## Work order
Down to the final line, reproduce the entries that follow exactly.

## Available data
==*==

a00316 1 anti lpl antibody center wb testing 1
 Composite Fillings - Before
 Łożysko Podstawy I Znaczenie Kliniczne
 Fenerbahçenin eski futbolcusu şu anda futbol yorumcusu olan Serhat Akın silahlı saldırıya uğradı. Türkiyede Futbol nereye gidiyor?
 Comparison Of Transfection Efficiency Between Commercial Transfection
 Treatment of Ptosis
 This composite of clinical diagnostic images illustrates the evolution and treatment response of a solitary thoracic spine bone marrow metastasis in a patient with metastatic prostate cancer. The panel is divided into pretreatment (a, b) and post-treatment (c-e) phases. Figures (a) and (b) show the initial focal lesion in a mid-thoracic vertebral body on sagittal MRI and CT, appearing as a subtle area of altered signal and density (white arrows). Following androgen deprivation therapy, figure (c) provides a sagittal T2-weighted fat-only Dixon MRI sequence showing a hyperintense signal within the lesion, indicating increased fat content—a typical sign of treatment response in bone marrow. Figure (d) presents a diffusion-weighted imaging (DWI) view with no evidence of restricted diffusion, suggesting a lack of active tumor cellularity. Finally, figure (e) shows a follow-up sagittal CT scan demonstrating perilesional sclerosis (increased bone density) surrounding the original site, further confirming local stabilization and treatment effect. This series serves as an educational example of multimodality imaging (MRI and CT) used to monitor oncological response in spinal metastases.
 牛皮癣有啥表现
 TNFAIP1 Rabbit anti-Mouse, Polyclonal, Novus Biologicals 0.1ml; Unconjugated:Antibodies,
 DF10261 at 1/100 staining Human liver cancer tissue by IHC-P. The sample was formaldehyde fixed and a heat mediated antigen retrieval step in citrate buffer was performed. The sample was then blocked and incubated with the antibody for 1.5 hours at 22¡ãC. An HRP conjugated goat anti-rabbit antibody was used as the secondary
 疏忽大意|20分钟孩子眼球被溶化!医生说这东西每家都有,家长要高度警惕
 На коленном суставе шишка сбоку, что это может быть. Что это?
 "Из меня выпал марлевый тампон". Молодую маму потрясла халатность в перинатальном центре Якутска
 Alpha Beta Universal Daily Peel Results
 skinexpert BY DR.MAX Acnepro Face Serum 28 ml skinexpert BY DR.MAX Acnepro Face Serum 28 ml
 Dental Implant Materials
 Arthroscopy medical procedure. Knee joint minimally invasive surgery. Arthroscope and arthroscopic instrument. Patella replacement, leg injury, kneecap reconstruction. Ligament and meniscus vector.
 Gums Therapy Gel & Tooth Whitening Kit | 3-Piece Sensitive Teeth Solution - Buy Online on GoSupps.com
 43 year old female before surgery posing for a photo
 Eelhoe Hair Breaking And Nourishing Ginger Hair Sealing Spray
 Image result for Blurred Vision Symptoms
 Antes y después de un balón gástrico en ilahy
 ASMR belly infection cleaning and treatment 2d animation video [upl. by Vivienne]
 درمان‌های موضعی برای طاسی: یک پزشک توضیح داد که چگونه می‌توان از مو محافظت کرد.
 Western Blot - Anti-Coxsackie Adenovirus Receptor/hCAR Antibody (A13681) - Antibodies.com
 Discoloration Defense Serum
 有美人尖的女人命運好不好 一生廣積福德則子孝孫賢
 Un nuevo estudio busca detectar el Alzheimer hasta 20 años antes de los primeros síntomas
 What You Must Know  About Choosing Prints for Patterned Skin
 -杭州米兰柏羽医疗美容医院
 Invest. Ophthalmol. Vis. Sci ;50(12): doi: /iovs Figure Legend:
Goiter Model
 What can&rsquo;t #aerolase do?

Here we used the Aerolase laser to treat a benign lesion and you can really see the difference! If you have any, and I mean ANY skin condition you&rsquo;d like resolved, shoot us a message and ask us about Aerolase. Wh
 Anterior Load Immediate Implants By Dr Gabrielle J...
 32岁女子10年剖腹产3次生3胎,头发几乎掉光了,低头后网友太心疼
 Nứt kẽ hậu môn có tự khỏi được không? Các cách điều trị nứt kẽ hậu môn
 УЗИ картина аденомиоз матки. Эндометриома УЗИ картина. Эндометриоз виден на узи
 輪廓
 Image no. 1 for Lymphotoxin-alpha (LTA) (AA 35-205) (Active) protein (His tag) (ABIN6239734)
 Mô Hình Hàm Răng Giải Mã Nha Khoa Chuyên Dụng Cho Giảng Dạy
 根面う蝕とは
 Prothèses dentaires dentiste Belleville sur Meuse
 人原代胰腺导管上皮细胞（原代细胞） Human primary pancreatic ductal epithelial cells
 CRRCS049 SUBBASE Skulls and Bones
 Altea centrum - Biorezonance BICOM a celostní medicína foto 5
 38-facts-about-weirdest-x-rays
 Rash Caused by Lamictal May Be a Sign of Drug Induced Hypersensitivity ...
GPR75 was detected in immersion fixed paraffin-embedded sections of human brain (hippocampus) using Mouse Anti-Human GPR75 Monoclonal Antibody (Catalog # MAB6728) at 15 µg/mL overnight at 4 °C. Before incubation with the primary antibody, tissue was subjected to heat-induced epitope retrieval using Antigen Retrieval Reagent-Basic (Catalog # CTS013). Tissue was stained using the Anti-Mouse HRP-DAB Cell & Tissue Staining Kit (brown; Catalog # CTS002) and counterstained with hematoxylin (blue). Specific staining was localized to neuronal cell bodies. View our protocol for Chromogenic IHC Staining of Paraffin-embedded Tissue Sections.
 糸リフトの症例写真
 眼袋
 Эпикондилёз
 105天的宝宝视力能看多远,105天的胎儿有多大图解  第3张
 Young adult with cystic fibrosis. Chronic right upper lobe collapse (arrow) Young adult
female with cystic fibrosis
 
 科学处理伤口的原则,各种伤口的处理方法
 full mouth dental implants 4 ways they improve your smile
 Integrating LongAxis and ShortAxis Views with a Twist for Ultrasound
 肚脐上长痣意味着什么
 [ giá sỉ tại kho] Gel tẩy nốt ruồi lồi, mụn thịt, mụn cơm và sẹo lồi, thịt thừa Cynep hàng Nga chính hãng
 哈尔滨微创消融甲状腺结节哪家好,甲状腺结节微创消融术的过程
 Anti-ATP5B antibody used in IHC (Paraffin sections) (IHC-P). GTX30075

==*==

## Output of the exercise
a00316 1 anti lpl antibody center wb testing 1
 Composite Fillings - Before
 Łożysko Podstawy I Znaczenie Kliniczne
 Fenerbahçenin eski futbolcusu şu anda futbol yorumcusu olan Serhat Akın silahlı saldırıya uğradı. Türkiyede Futbol nereye gidiyor?
 Comparison Of Transfection Efficiency Between Commercial Transfection
 Treatment of Ptosis
 This composite of clinical diagnostic images illustrates the evolution and treatment response of a solitary thoracic spine bone marrow metastasis in a patient with metastatic prostate cancer. The panel is divided into pretreatment (a, b) and post-treatment (c-e) phases. Figures (a) and (b) show the initial focal lesion in a mid-thoracic vertebral body on sagittal MRI and CT, appearing as a subtle area of altered signal and density (white arrows). Following androgen deprivation therapy, figure (c) provides a sagittal T2-weighted fat-only Dixon MRI sequence showing a hyperintense signal within the lesion, indicating increased fat content—a typical sign of treatment response in bone marrow. Figure (d) presents a diffusion-weighted imaging (DWI) view with no evidence of restricted diffusion, suggesting a lack of active tumor cellularity. Finally, figure (e) shows a follow-up sagittal CT scan demonstrating perilesional sclerosis (increased bone density) surrounding the original site, further confirming local stabilization and treatment effect. This series serves as an educational example of multimodality imaging (MRI and CT) used to monitor oncological response in spinal metastases.
 牛皮癣有啥表现
 TNFAIP1 Rabbit anti-Mouse, Polyclonal, Novus Biologicals 0.1ml; Unconjugated:Antibodies,
 DF10261 at 1/100 staining Human liver cancer tissue by IHC-P. The sample was formaldehyde fixed and a heat mediated antigen retrieval step in citrate buffer was performed. The sample was then blocked and incubated with the antibody for 1.5 hours at 22¡ãC. An HRP conjugated goat anti-rabbit antibody was used as the secondary
 疏忽大意|20分钟孩子眼球被溶化!医生说这东西每家都有,家长要高度警惕
 На коленном суставе шишка сбоку, что это может быть. Что это?
 "Из меня выпал марлевый тампон". Молодую маму потрясла халатность в перинатальном центре Якутска
 Alpha Beta Universal Daily Peel Results
 skinexpert BY DR.MAX Acnepro Face Serum 28 ml skinexpert BY DR.MAX Acnepro Face Serum 28 ml
 Dental Implant Materials
 Arthroscopy medical procedure. Knee joint minimally invasive surgery. Arthroscope and arthroscopic instrument. Patella replacement, leg injury, kneecap reconstruction. Ligament and meniscus vector.
 Gums Therapy Gel & Tooth Whitening Kit | 3-Piece Sensitive Teeth Solution - Buy Online on GoSupps.com
 43 year old female before surgery posing for a photo
 Eelhoe Hair Breaking And Nourishing Ginger Hair Sealing Spray
 Image result for Blurred Vision Symptoms
 Antes y después de un balón gástrico en ilahy
 ASMR belly infection cleaning and treatment 2d animation video [upl. by Vivienne]
 درمان‌های موضعی برای طاسی: یک پزشک توضیح داد که چگونه می‌توان از مو محافظت کرد.
 Western Blot - Anti-Coxsackie Adenovirus Receptor/hCAR Antibody (A13681) - Antibodies.com
 Discoloration Defense Serum
 有美人尖的女人命運好不好 一生廣積福德則子孝孫賢
 Un nuevo estudio busca detectar el Alzheimer hasta 20 años antes de los primeros síntomas
 What You Must Know  About Choosing Prints for Patterned Skin
 -杭州米兰柏羽医疗美容医院
 Invest. Ophthalmol. Vis. Sci ;50(12): doi: /iovs Figure Legend:
Goiter Model
 What can&rsquo;t #aerolase do?

Here we used the Aerolase laser to treat a benign lesion and you can really see the difference! If you have any, and I mean ANY skin condition you&rsquo;d like resolved, shoot us a message and ask us about Aerolase. Wh
 Anterior Load Immediate Implants By Dr Gabrielle J...
 32岁女子10年剖腹产3次生3胎,头发几乎掉光了,低头后网友太心疼
 Nứt kẽ hậu môn có tự khỏi được không? Các cách điều trị nứt kẽ hậu môn
 УЗИ картина аденомиоз матки. Эндометриома УЗИ картина. Эндометриоз виден на узи
 輪廓
 Image no. 1 for Lymphotoxin-alpha (LTA) (AA 35-205) (Active) protein (His tag) (ABIN6239734)
 Mô Hình Hàm Răng Giải Mã Nha Khoa Chuyên Dụng Cho Giảng Dạy
 根面う蝕とは
 Prothèses dentaires dentiste Belleville sur Meuse
 人原代胰腺导管上皮细胞（原代细胞） Human primary pancreatic ductal epithelial cells
 CRRCS049 SUBBASE Skulls and Bones
 Altea centrum - Biorezonance BICOM a celostní medicína foto 5
 38-facts-about-weirdest-x-rays
 Rash Caused by Lamictal May Be a Sign of Drug Induced Hypersensitivity ...
GPR75 was detected in immersion fixed paraffin-embedded sections of human brain (hippocampus) using Mouse Anti-Human GPR75 Monoclonal Antibody (Catalog # MAB6728) at 15 µg/mL overnight at 4 °C. Before incubation with the primary antibody, tissue was subjected to heat-induced epitope retrieval using Antigen Retrieval Reagent-Basic (Catalog # CTS013). Tissue was stained using the Anti-Mouse HRP-DAB Cell & Tissue Staining Kit (brown; Catalog # CTS002) and counterstained with hematoxylin (blue). Specific staining was localized to neuronal cell bodies. View our protocol for Chromogenic IHC Staining of Paraffin-embedded Tissue Sections.
 糸リフトの症例写真
 眼袋
 Эпикондилёз
 105天的宝宝视力能看多远,105天的胎儿有多大图解  第3张
 Young adult with cystic fibrosis. Chronic right upper lobe collapse (arrow) Young adult
female with cystic fibrosis
 
 科学处理伤口的原则,各种伤口的处理方法
 full mouth dental implants 4 ways they improve your smile
 Integrating LongAxis and ShortAxis Views with a Twist for Ultrasound
 肚脐上长痣意味着什么
 [ giá sỉ tại kho] Gel tẩy nốt ruồi lồi, mụn thịt, mụn cơm và sẹo lồi, thịt thừa Cynep hàng Nga chính hãng
 哈尔滨微创消融甲状腺结节哪家好,甲状腺结节微创消融术的过程
 Anti-ATP5B antibody used in IHC (Paraffin sections) (IHC-P). GTX30075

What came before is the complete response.